[EXERCISE INPUT Boundary: Start]

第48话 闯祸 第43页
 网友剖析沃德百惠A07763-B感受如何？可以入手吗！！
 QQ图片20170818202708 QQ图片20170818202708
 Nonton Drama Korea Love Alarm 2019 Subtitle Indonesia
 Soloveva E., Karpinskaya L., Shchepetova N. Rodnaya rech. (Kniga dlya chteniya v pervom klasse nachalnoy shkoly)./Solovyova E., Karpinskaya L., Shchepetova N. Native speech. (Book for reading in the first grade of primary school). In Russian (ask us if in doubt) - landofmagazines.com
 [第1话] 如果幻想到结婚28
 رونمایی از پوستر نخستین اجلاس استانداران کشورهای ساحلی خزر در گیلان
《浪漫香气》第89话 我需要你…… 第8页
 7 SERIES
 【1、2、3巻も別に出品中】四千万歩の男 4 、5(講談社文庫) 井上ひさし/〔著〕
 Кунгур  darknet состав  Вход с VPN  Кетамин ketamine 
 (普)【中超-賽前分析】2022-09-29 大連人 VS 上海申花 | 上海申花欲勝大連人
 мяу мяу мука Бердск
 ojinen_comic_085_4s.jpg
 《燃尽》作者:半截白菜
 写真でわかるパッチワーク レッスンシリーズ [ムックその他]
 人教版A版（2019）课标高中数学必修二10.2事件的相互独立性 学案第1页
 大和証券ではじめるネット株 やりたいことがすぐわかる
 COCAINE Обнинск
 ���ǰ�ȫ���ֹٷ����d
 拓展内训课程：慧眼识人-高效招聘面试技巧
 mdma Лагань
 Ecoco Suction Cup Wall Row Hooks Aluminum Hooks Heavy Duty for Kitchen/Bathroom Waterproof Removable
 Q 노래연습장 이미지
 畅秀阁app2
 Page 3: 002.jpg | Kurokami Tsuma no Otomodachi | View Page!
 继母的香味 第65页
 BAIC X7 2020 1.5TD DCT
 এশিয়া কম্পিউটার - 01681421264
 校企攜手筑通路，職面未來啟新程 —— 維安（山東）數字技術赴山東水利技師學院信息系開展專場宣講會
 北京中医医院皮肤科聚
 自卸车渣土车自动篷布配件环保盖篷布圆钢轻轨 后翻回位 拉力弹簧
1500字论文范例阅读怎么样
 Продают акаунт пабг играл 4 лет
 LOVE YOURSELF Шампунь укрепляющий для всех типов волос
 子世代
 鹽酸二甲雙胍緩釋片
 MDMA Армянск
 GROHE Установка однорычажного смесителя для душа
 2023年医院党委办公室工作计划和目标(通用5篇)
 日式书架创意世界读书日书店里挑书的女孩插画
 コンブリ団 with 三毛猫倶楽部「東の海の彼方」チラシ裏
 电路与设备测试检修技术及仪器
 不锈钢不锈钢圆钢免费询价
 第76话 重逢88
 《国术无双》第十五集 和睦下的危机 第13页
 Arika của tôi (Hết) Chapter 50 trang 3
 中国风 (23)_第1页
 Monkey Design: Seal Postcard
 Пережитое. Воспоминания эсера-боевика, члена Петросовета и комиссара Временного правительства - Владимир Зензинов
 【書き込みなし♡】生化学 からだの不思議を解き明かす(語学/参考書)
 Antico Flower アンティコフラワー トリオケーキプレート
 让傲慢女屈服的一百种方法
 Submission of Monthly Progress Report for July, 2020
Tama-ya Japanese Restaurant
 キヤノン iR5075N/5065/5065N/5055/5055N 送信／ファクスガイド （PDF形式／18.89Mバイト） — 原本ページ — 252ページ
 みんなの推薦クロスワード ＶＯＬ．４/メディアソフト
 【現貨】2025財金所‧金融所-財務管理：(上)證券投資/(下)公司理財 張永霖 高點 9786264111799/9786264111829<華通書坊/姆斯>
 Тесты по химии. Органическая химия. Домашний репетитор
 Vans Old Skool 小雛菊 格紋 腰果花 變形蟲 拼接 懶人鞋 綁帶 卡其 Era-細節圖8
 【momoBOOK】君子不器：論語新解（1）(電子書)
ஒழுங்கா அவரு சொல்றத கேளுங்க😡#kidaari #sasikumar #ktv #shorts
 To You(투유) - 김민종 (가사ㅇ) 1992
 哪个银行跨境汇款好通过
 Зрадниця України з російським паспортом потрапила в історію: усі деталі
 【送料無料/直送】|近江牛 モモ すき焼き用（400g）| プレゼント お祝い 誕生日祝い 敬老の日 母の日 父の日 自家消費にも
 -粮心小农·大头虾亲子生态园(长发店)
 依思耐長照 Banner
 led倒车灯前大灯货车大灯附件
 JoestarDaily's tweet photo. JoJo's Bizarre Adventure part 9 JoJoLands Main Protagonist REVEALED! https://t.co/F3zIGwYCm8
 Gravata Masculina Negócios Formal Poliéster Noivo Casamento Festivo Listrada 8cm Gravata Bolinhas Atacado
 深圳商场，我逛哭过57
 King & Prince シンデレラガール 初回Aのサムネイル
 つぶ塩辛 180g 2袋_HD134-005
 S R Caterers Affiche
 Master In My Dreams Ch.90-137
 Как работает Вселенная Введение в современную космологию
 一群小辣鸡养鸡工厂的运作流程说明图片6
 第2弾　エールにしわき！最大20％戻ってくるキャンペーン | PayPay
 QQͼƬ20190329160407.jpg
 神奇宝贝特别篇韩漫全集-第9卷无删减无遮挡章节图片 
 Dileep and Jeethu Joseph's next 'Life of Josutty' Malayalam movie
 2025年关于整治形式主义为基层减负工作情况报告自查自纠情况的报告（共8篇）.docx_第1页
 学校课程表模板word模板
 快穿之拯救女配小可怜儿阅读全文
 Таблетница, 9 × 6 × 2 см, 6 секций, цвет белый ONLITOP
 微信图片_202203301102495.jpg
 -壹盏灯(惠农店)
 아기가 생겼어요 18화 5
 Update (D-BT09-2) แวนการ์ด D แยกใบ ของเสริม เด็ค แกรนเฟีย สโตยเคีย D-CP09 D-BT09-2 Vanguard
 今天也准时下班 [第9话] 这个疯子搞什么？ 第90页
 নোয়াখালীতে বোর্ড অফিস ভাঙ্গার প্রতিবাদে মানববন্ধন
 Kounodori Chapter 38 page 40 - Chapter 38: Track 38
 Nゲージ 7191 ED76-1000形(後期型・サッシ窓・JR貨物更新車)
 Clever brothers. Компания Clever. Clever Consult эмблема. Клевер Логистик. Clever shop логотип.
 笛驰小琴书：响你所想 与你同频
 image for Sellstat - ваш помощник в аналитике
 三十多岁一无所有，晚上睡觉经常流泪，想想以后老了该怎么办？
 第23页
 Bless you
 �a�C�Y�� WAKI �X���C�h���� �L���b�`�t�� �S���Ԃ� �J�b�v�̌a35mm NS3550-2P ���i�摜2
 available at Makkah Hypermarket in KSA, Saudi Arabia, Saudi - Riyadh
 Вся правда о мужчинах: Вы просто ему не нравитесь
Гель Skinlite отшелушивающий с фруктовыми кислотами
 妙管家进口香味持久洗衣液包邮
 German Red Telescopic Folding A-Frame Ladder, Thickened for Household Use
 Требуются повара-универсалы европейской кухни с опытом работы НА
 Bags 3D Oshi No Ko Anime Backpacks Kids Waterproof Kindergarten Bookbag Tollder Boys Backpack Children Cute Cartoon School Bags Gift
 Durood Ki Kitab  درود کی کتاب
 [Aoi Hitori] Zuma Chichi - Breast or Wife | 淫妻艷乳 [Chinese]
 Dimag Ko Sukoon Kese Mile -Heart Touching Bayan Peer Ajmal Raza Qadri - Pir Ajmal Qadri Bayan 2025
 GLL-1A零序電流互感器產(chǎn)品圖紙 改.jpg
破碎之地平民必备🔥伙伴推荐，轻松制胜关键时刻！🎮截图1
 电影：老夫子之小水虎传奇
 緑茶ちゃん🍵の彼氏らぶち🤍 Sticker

[EXERCISE INPUT Boundary: End]

■ GOAL OF THE EXERCISE
The answer should hold the lines from the one containing "Как работает Вселенная" through the end of the entries above, set down exactly, with both ends included.

■ ANSWER BELOW
 Как работает Вселенная Введение в современную космологию
 一群小辣鸡养鸡工厂的运作流程说明图片6
 第2弾　エールにしわき！最大20％戻ってくるキャンペーン | PayPay
 QQͼƬ20190329160407.jpg
 神奇宝贝特别篇韩漫全集-第9卷无删减无遮挡章节图片 
 Dileep and Jeethu Joseph's next 'Life of Josutty' Malayalam movie
 2025年关于整治形式主义为基层减负工作情况报告自查自纠情况的报告（共8篇）.docx_第1页
 学校课程表模板word模板
 快穿之拯救女配小可怜儿阅读全文
 Таблетница, 9 × 6 × 2 см, 6 секций, цвет белый ONLITOP
 微信图片_202203301102495.jpg
 -壹盏灯(惠农店)
 아기가 생겼어요 18화 5
 Update (D-BT09-2) แวนการ์ด D แยกใบ ของเสริม เด็ค แกรนเฟีย สโตยเคีย D-CP09 D-BT09-2 Vanguard
 今天也准时下班 [第9话] 这个疯子搞什么？ 第90页
 নোয়াখালীতে বোর্ড অফিস ভাঙ্গার প্রতিবাদে মানববন্ধন
 Kounodori Chapter 38 page 40 - Chapter 38: Track 38
 Nゲージ 7191 ED76-1000形(後期型・サッシ窓・JR貨物更新車)
 Clever brothers. Компания Clever. Clever Consult эмблема. Клевер Логистик. Clever shop логотип.
 笛驰小琴书：响你所想 与你同频
 image for Sellstat - ваш помощник в аналитике
 三十多岁一无所有，晚上睡觉经常流泪，想想以后老了该怎么办？
 第23页
 Bless you
 �a�C�Y�� WAKI �X���C�h���� �L���b�`�t�� �S���Ԃ� �J�b�v�̌a35mm NS3550-2P ���i�摜2
 available at Makkah Hypermarket in KSA, Saudi Arabia, Saudi - Riyadh
 Вся правда о мужчинах: Вы просто ему не нравитесь
Гель Skinlite отшелушивающий с фруктовыми кислотами
 妙管家进口香味持久洗衣液包邮
 German Red Telescopic Folding A-Frame Ladder, Thickened for Household Use
 Требуются повара-универсалы европейской кухни с опытом работы НА
 Bags 3D Oshi No Ko Anime Backpacks Kids Waterproof Kindergarten Bookbag Tollder Boys Backpack Children Cute Cartoon School Bags Gift
 Durood Ki Kitab  درود کی کتاب
 [Aoi Hitori] Zuma Chichi - Breast or Wife | 淫妻艷乳 [Chinese]
 Dimag Ko Sukoon Kese Mile -Heart Touching Bayan Peer Ajmal Raza Qadri - Pir Ajmal Qadri Bayan 2025
 GLL-1A零序電流互感器產(chǎn)品圖紙 改.jpg
破碎之地平民必备🔥伙伴推荐，轻松制胜关键时刻！🎮截图1
 电影：老夫子之小水虎传奇
 緑茶ちゃん🍵の彼氏らぶち🤍 Sticker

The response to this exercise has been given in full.